We all live in a FLOATING HOME!
Right under Babubazar bridge in the capital, beside the Mitford morgue, there is a hub of floating boarding houses that many in the city have no clue of.
Made out of steel, these two-storey boat-boardings are almost like trawlers, only without any engines. When this correspondent visited the area recently, five of them were anchored at the bank of the river.
Inside the boats, rooms are roughly six feet in height, four-and-a-quarter by two-and-a-half feet in length and breadth. Depending on size, the rooms range from Tk 50 to 150, with the latter capable of housing five people at a time.
They remain open from 6:00am-2:00am, shutting down for three hours in fear of thieves.
This correspondent spoke to Shariatpur Muslim Boarding's manager Shah Jamal. He said its owner Abdus Sattar started the business, the first of its kind here, in 1960. After he passed away, he passed it on to his son. The two-storey hotel has a total of 52 rooms.
The manager said usual customers are people from the lower-income category, especially those without a secure source of income. Unlike most paid living facilities, some customers stay here for years, with one particular customer staying for over 40 years!
The owners accommodate the customers by determining rates by keeping their convenience in mind. The boarding provides free blankets, water, and electricity.
When this correspondent spoke to Hasan (25), he was talking to his five-year-old son on video call. A fruit seller at Old Dhaka's Badamtoli, he said he's been staying here at a Tk 80 room for 6 months. He used to spend Tk 1,500 per month at a residential mess before, but said this is more convenient as the boarding house charges per day, with free amenities.
Faridpur Muslim Boarding's manager Mostafa Kamal said they've been running it for 33 years. The two-storey facility now has 48 rooms.
At Sabuj Mia's Boarding, formerly known as Buriganga Boarding, there are around 30 rooms. One of its customers Md Rasel works as a day labourer at Sadarghat area. He said he's been staying here for 7 years, at one of Sabuj Mia's Tk 50 mass rooms.
As a long-timer, he has build rapport with staffers, who often lend him money and let him stay on credit when times get hard.

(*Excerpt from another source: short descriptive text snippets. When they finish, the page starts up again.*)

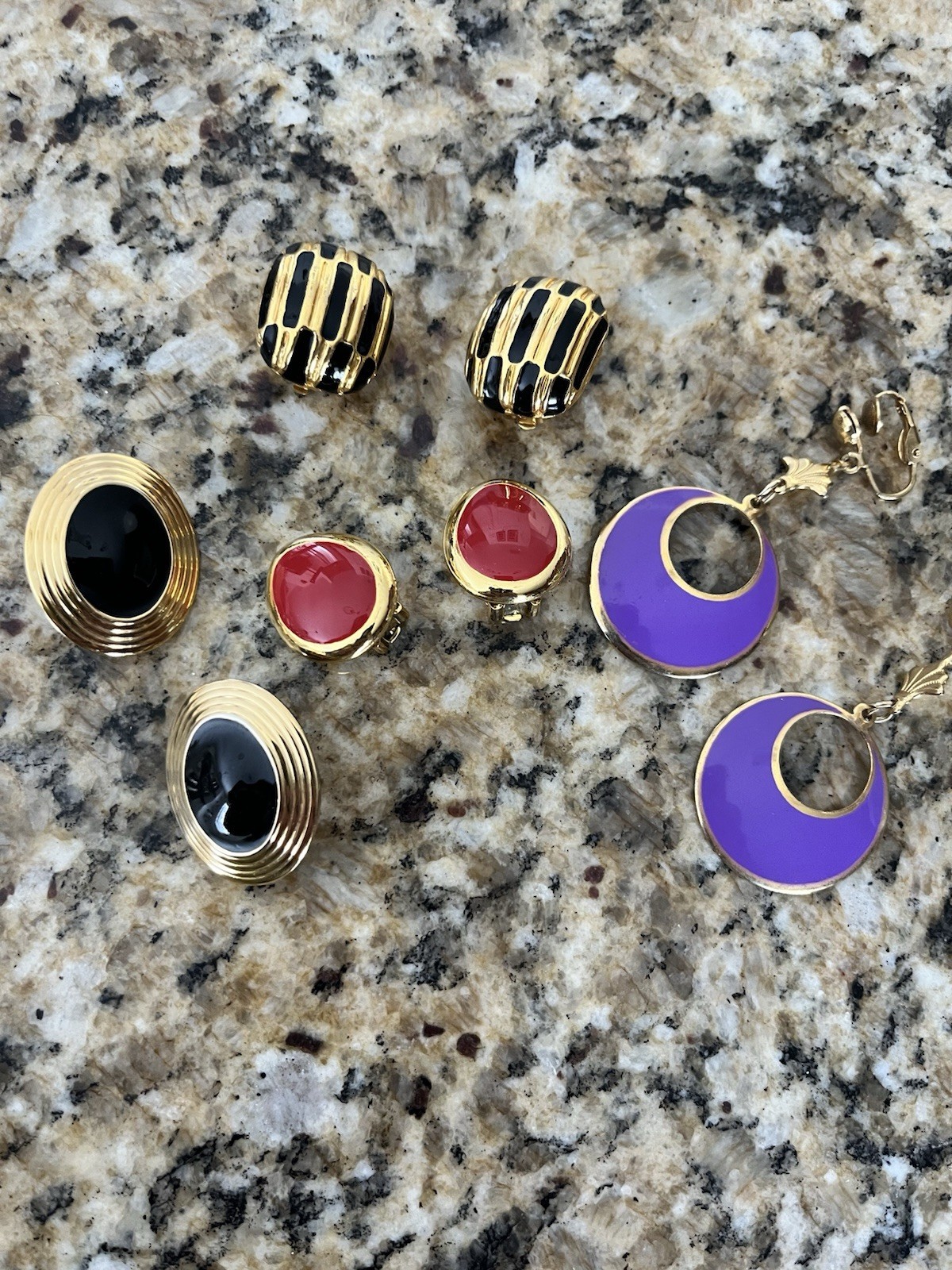 Vintage Gold Tone Multicolor Enamel Earring Lot Of 4 Clip On Purple Red Black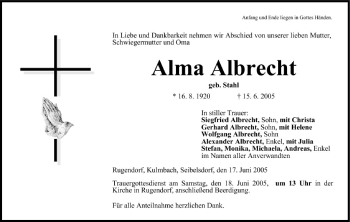 Anzeige von Alma Albrecht von MGO
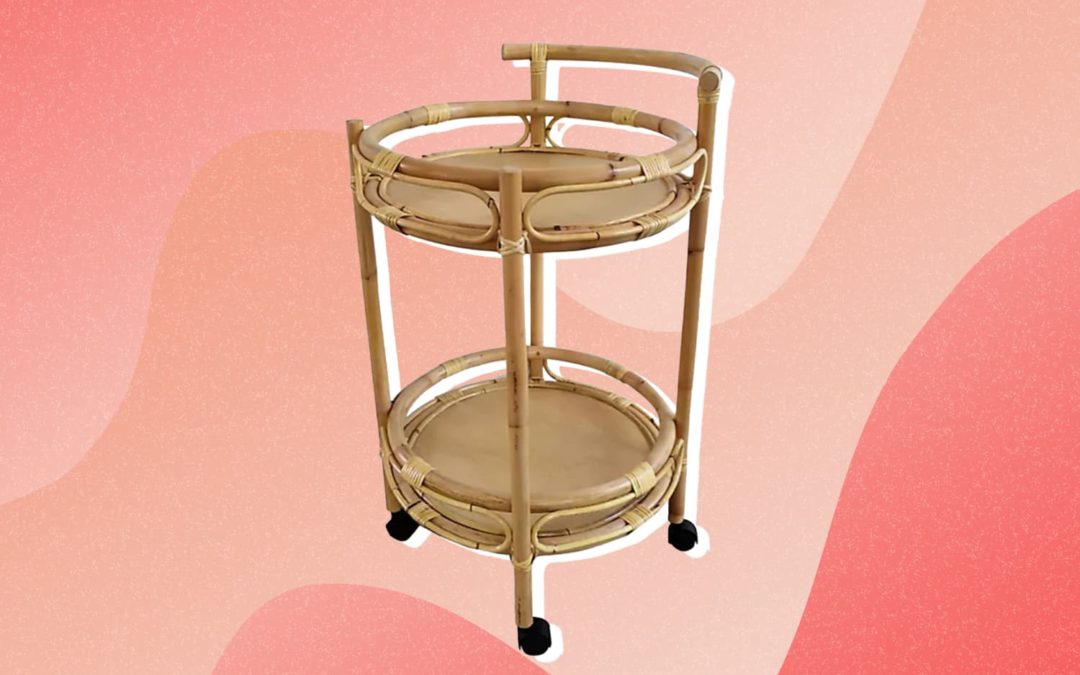 Bed Bath & Beyond Just Launched a Chic Bar Cart That’s a Must-Have for Rattan Lovers and Plant Parents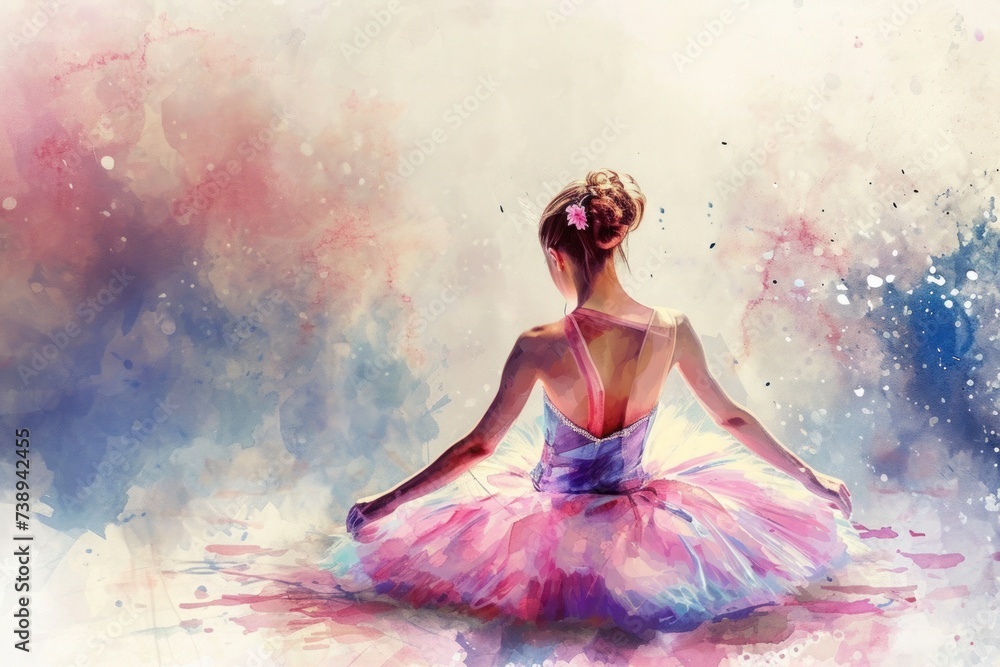 a painting of a ballerina in a colurful tutu - obrazy, fototapety, plakaty 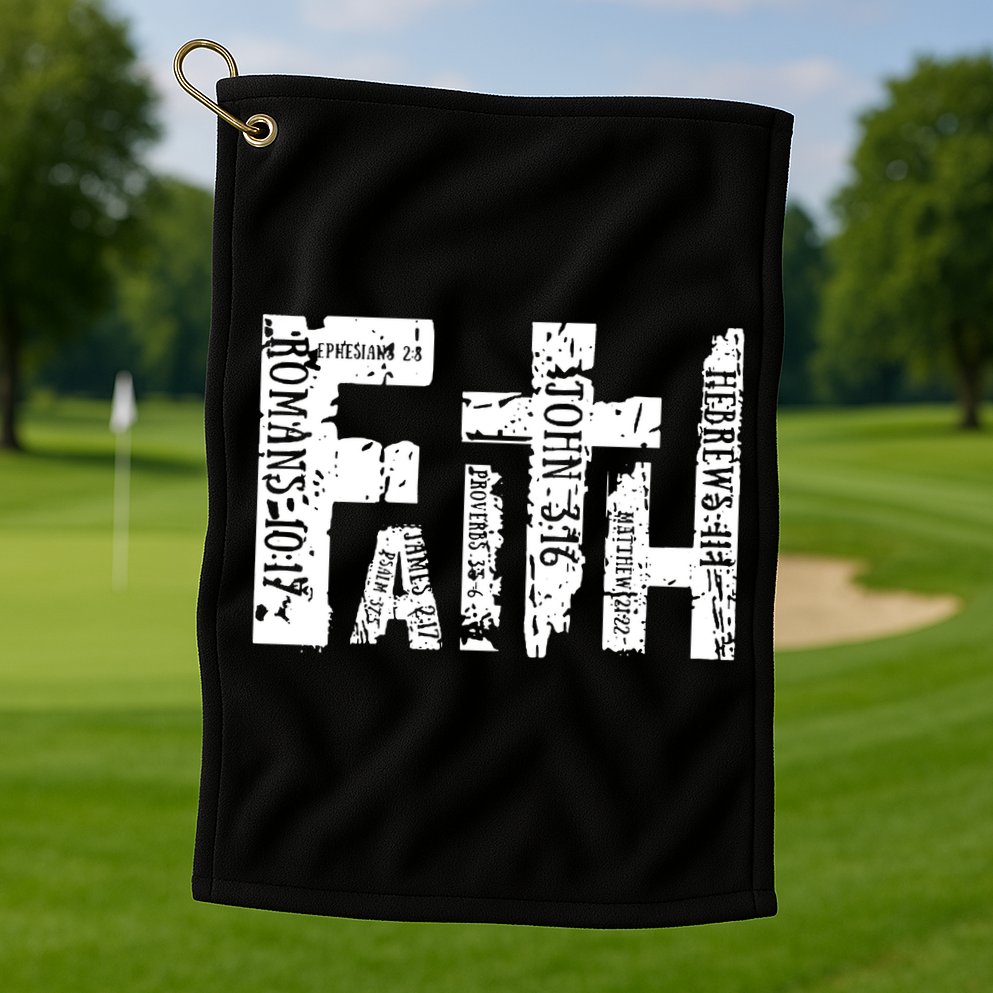 Faith Bible Verse Christian Quote Golf Towel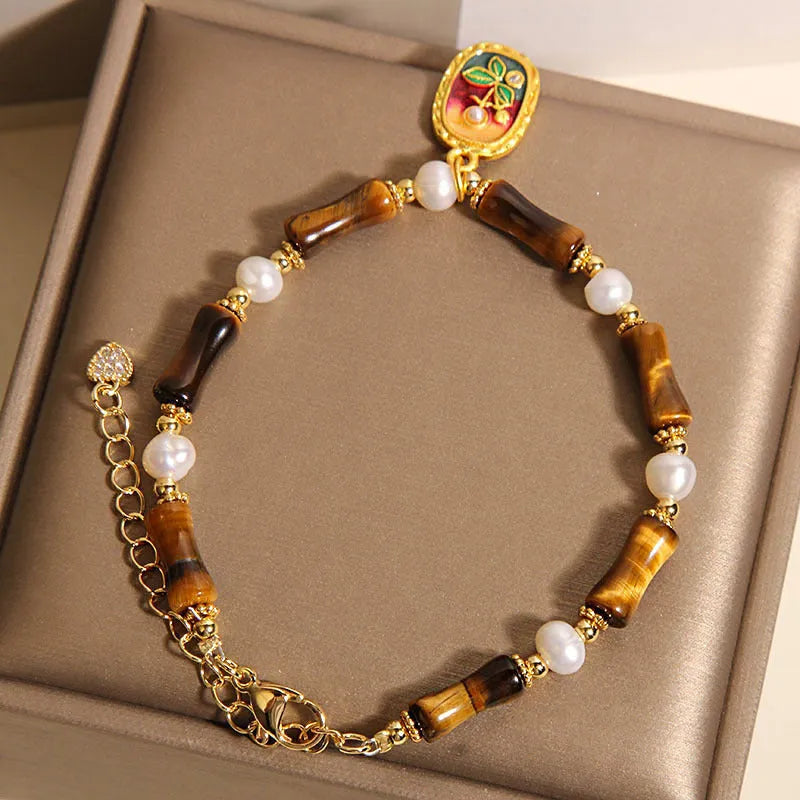 Chinese style stone bamboo glass bracelet for women in amber, green or purple colours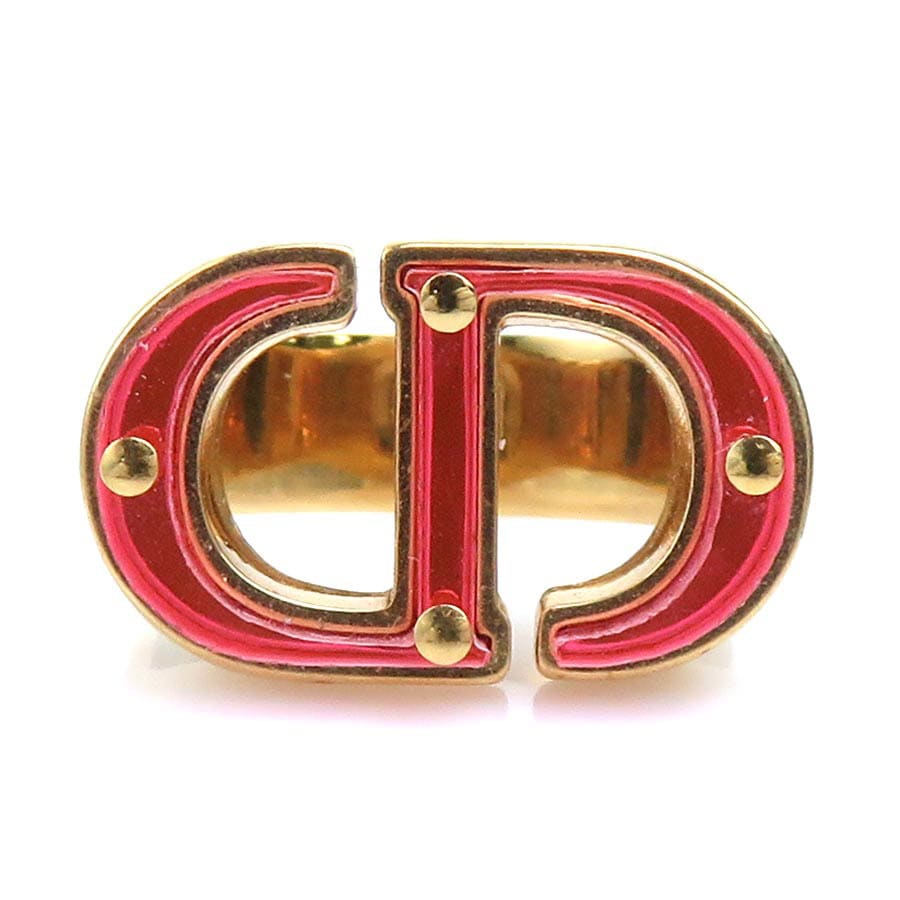 クリスチャンディオール Christian Dior リング・指輪 メタル/アクリル ピンク×ゴールド レディース 11.5号 56377g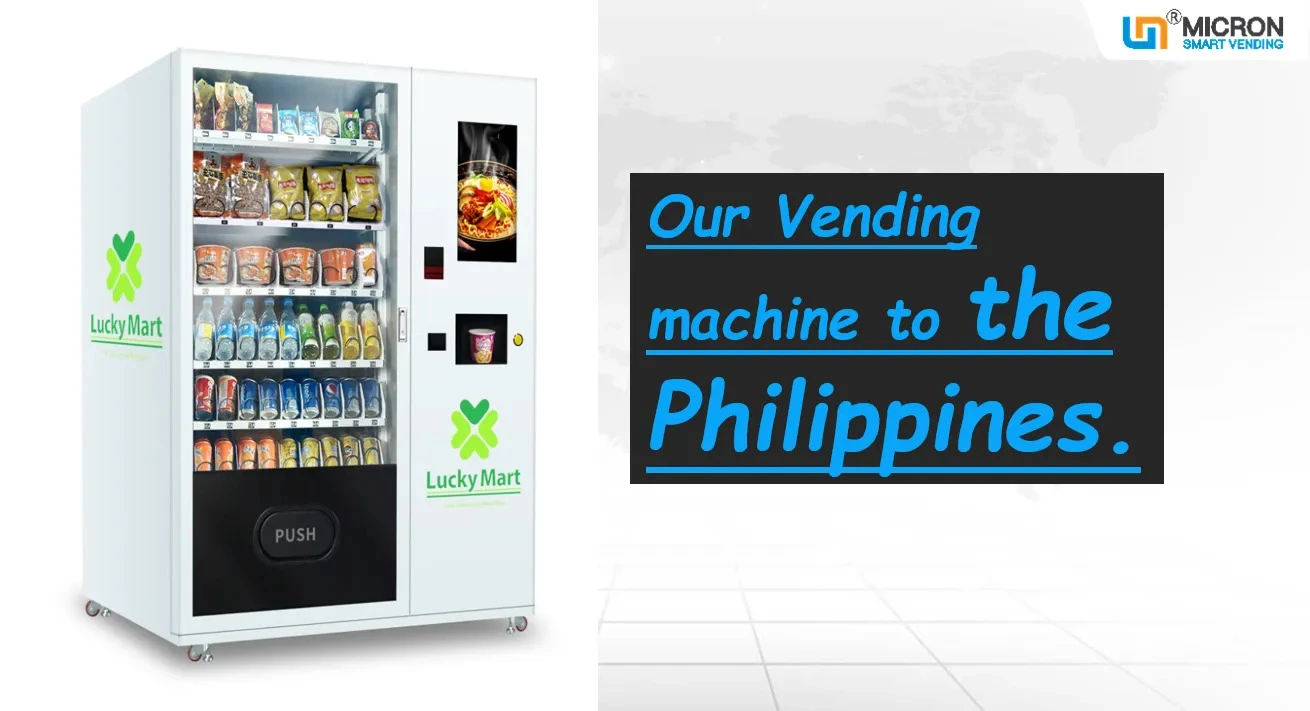 Philippines cup noodle ramen vending machines with a built-in hot water dispenser for selling cup noodles, ramen and cereal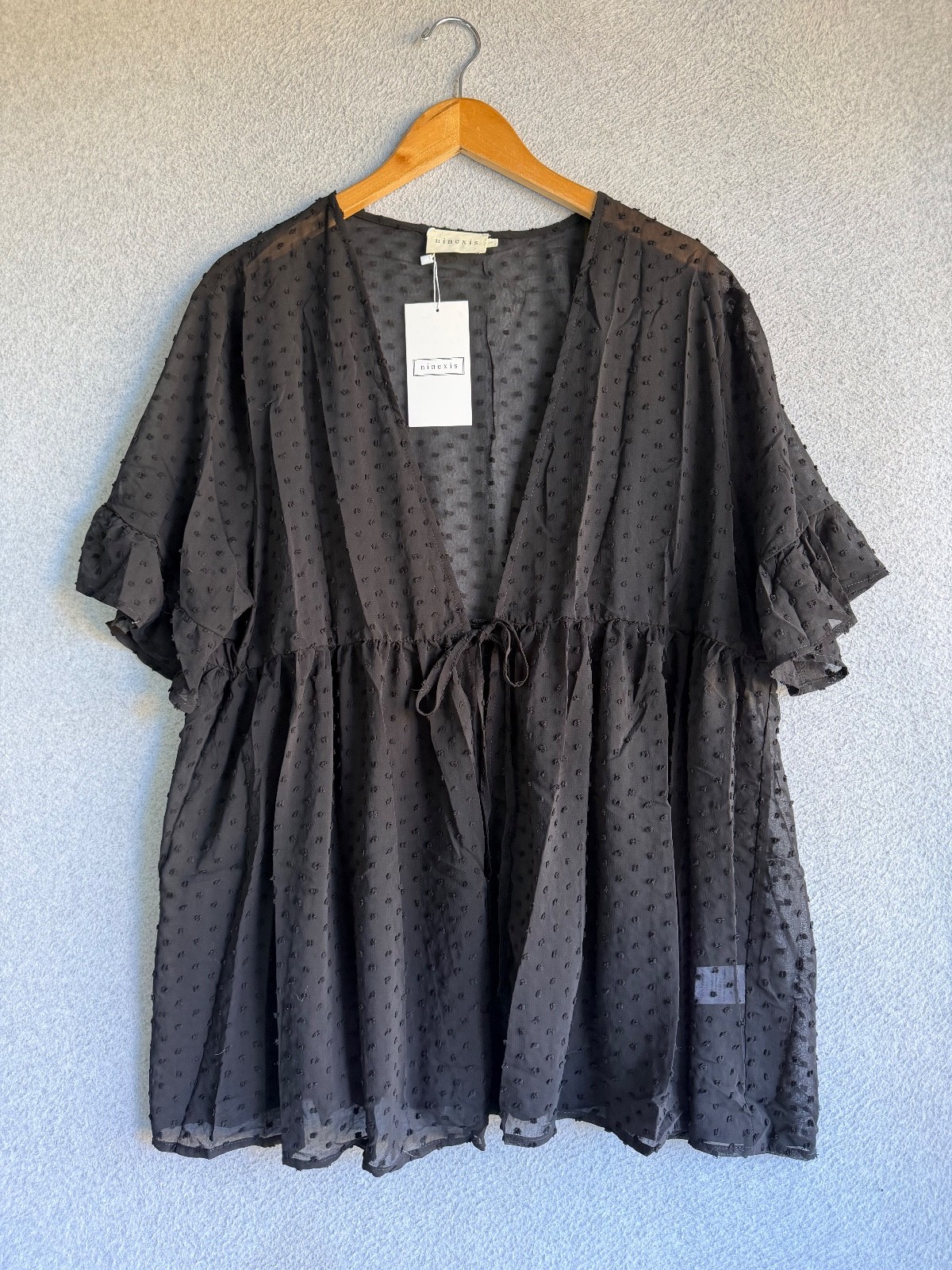 Ninexis Babydoll Women Plus 2X Black Kimono Sheer Swiss Dot Whimsy Goth NWT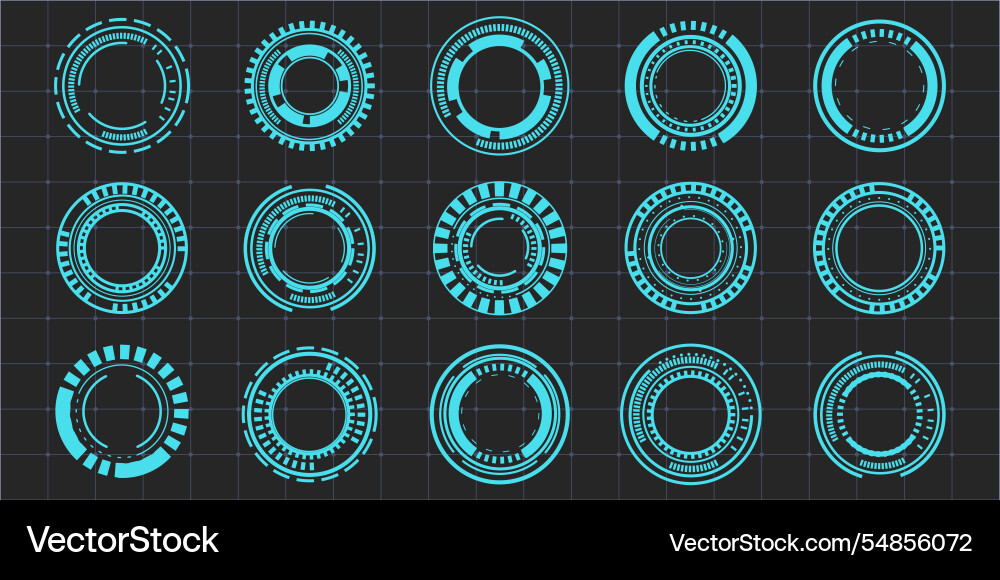 Hud aim pointer optical target futuristic focus Hud aim pointer optical target futuristic focus vector image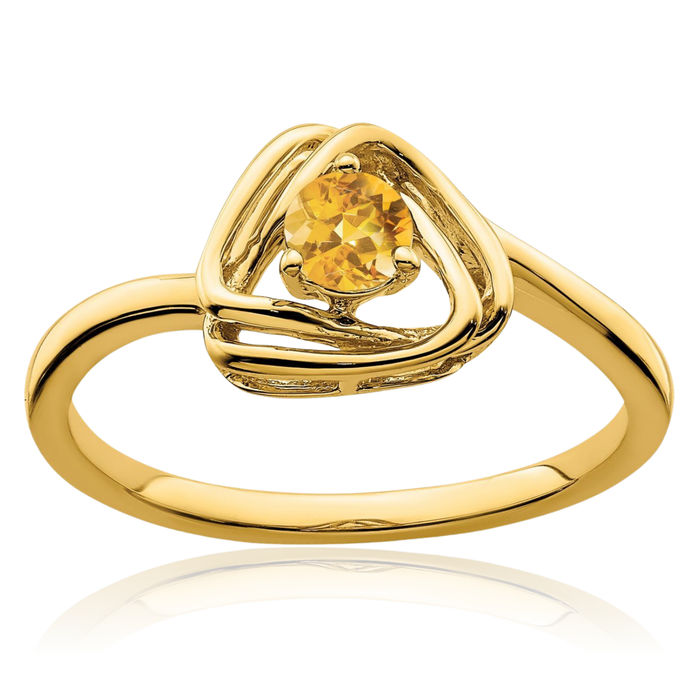 14K Solid Yellow Gold Orange Citrine Triangle Ring Gemstone Band November Birthstone Jewelry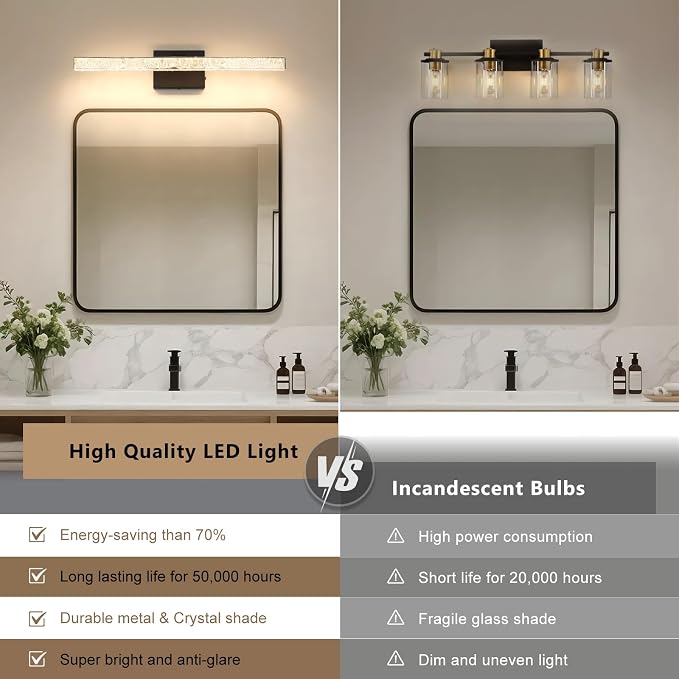24 Inch LED Bathroom Vanity Light Fixtures, 5CCT Color Changeable Modern Wall Sconce with Iceberg Crackle Acrylic, Dimmable Matte Black Vanity Lighting for Mirror Cabinet, Makeup & Restroom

"I enjoy the mild rocking sensation on the boat due to waves. It's not too noisy as it's quite far from the terminal. It also has a nice view, especially during monsoon, while the sound of raindrops on its tin roofs is just the icing on the cake," he said.
The boardings provide no food, but it can be brought in from the outside. Most of the boats are quite old, repaired contstantly to keep them afloat.
Although there's just five such boats now, there used to be more, with around 10-11 in operation during the Pakistani period. During Ershad's regime, a Hindu-owned boat was torched in the aftermath of India's Babri Masjid massacre. This was one of the turning points, after which the numbers started falling.
The over 200 people who live in these five boats in close proximity kind of make up their own mohalla. Other than the persistent threat of mosquitoes and the foul smell of a decaying Buriganga, those who stay here say it makes for a pretty decent community life.